■ **Required action**: Set down, word for word, every line of the material below from the one containing "Cerebellar metastasis from" through the one containing "patient before and", but none of its pictures.

── Materials provided

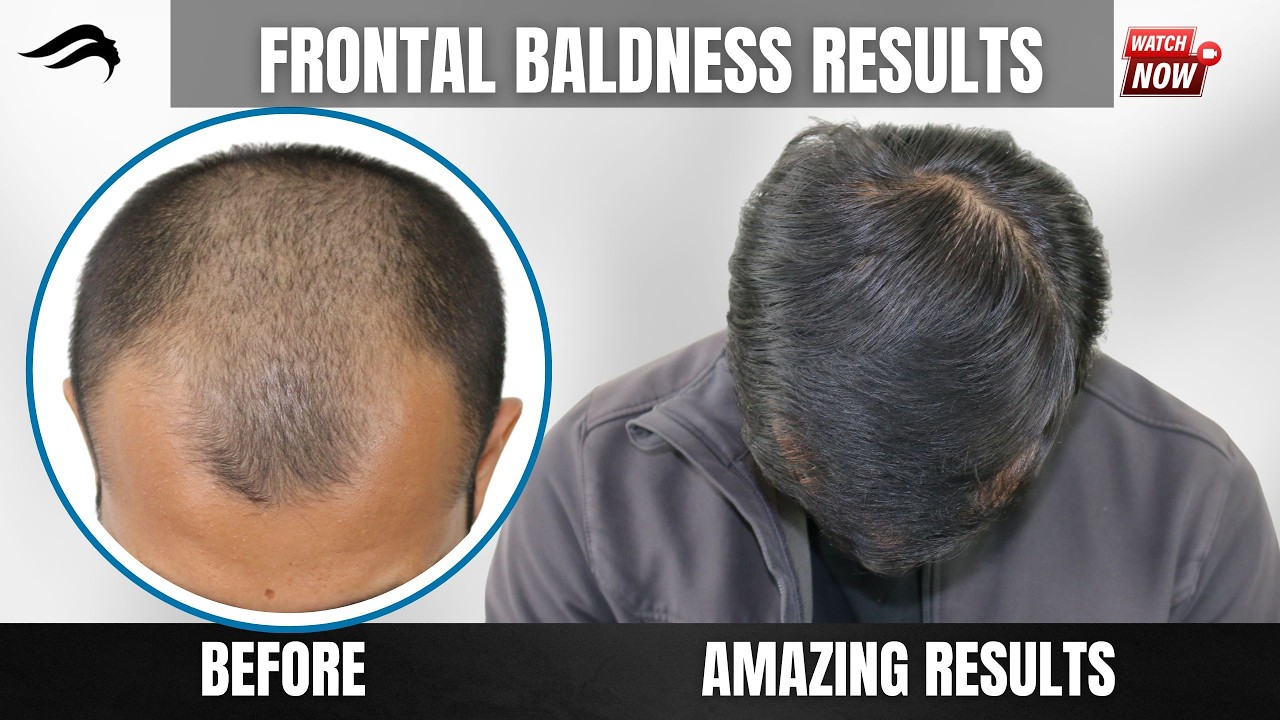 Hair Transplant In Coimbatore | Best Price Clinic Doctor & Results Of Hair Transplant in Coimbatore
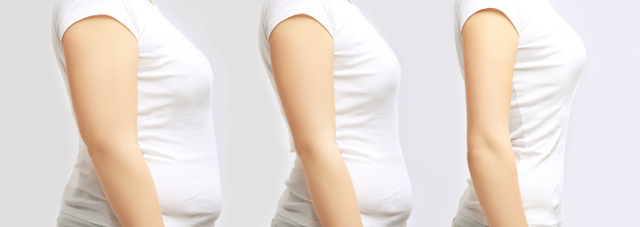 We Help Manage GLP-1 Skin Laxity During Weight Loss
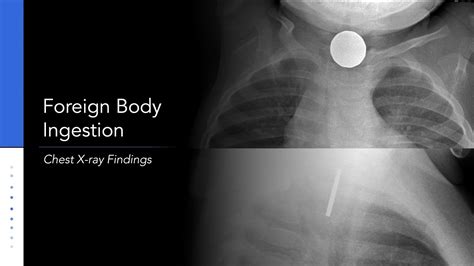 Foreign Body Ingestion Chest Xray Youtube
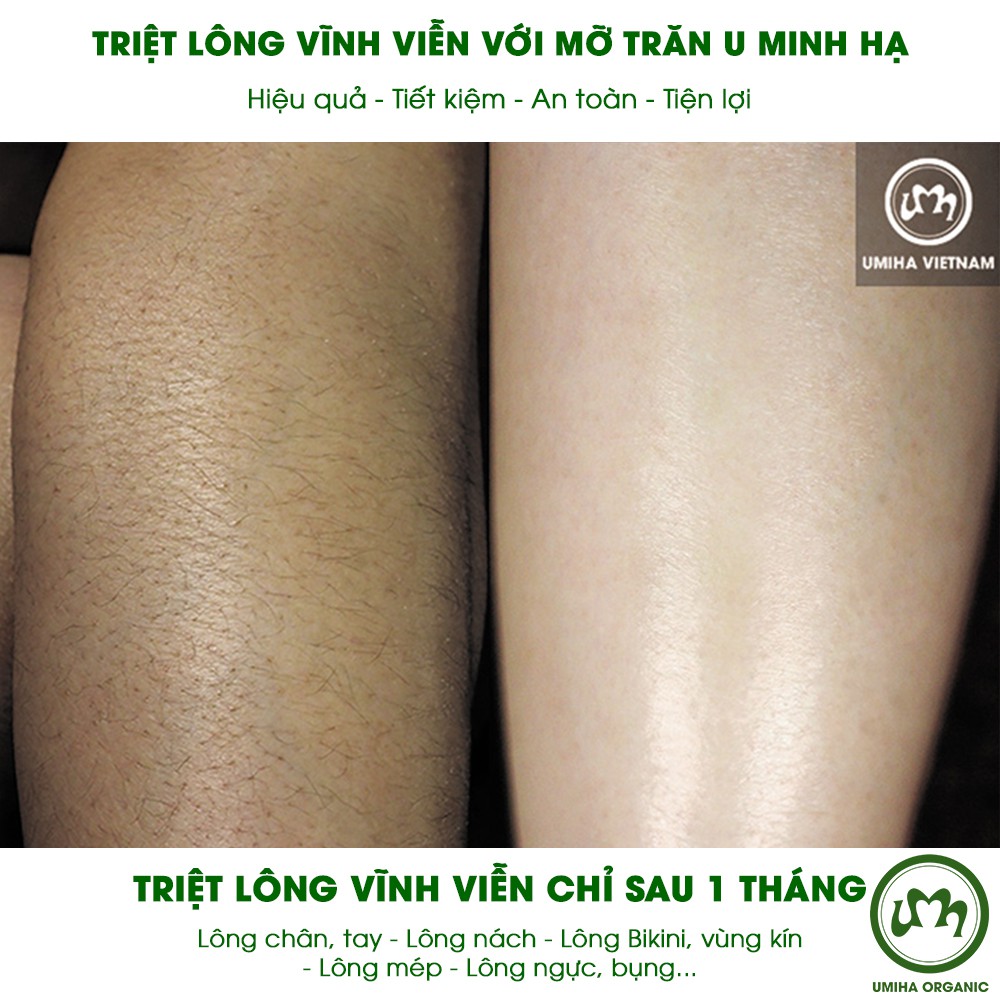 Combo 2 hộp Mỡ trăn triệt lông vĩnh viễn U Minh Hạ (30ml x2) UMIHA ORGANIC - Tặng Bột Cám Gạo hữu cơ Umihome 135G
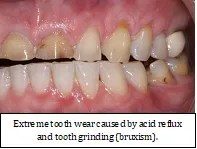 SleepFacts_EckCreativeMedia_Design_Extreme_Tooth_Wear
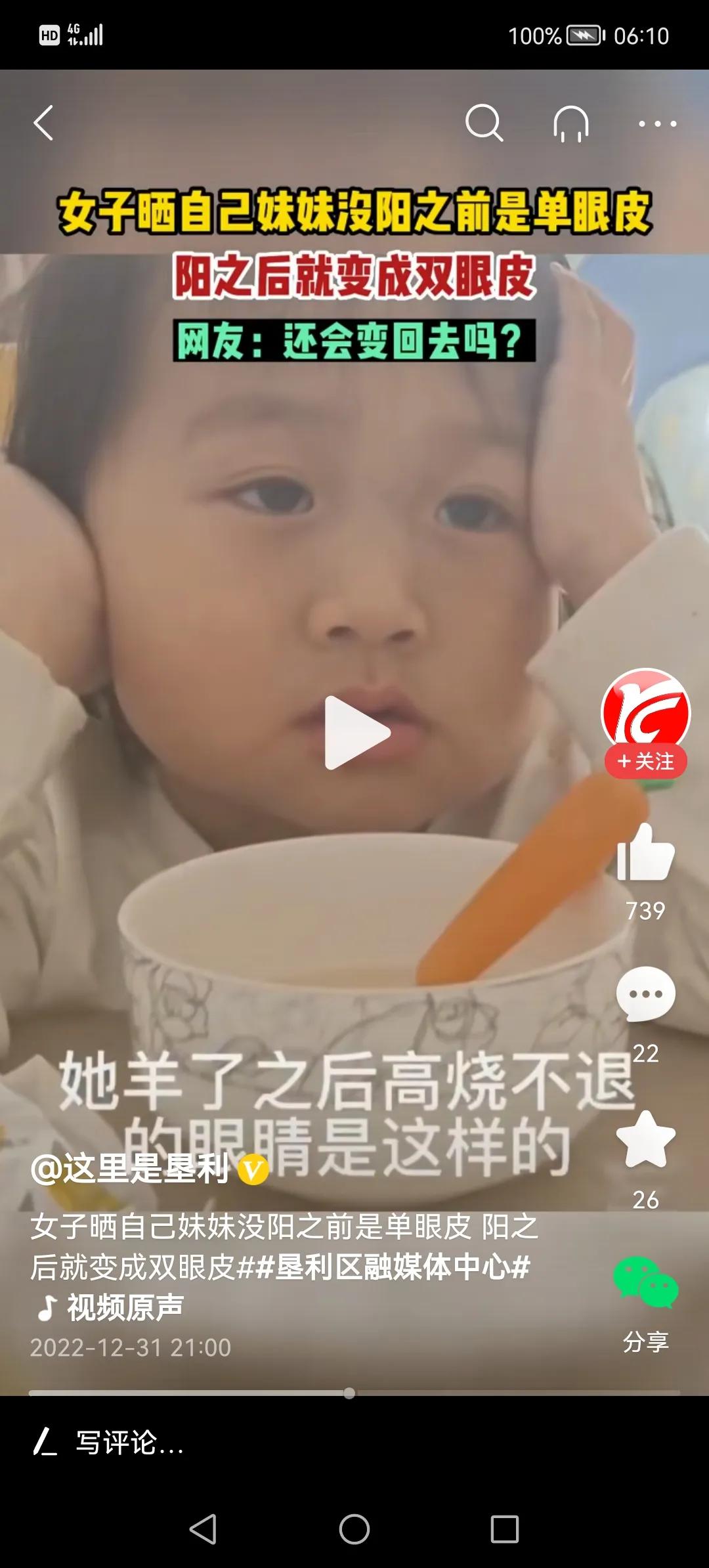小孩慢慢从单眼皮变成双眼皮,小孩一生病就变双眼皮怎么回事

────
── Materials provided

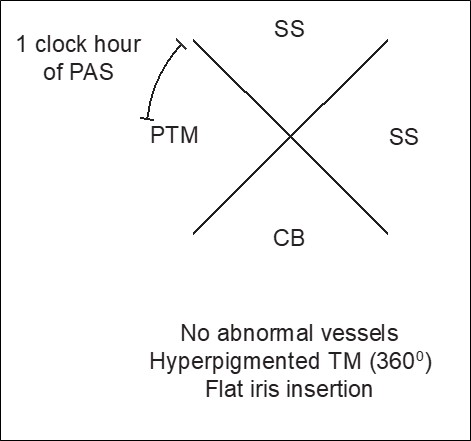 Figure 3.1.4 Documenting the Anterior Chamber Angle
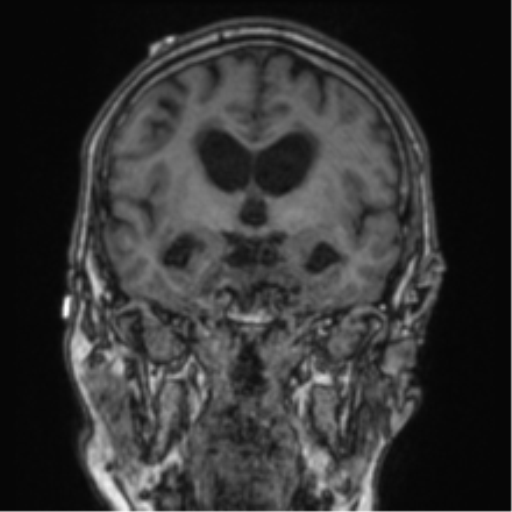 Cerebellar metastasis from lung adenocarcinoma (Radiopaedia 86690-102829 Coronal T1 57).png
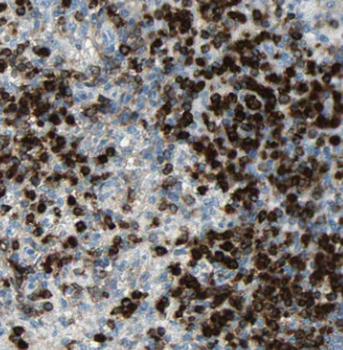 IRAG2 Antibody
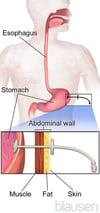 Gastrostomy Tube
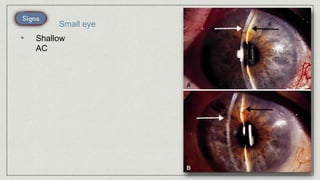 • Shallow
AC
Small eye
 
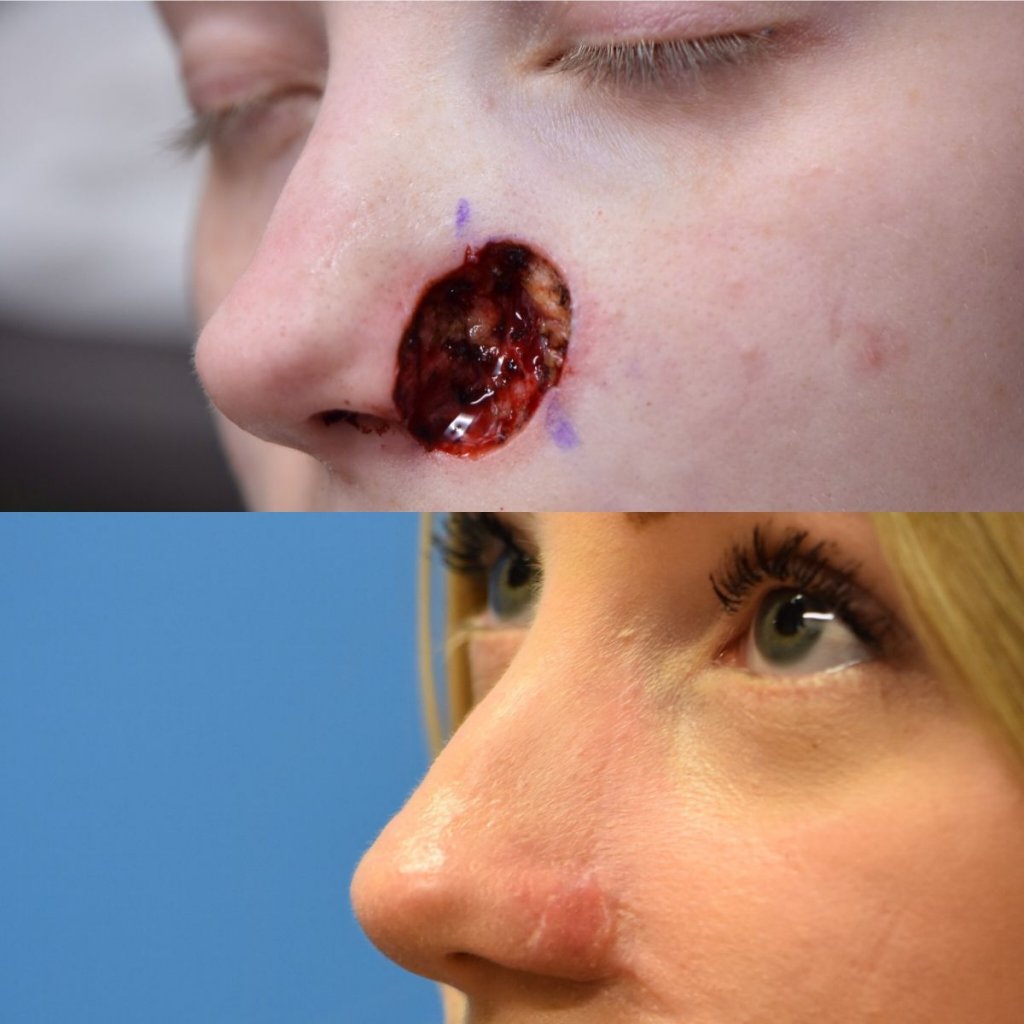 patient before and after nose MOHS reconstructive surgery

────

■ **Worked solution**:
 Cerebellar metastasis from lung adenocarcinoma (Radiopaedia 86690-102829 Coronal T1 57).png
 IRAG2 Antibody
 Gastrostomy Tube
 • Shallow
AC
Small eye
 
 patient before and after nose MOHS reconstructive surgery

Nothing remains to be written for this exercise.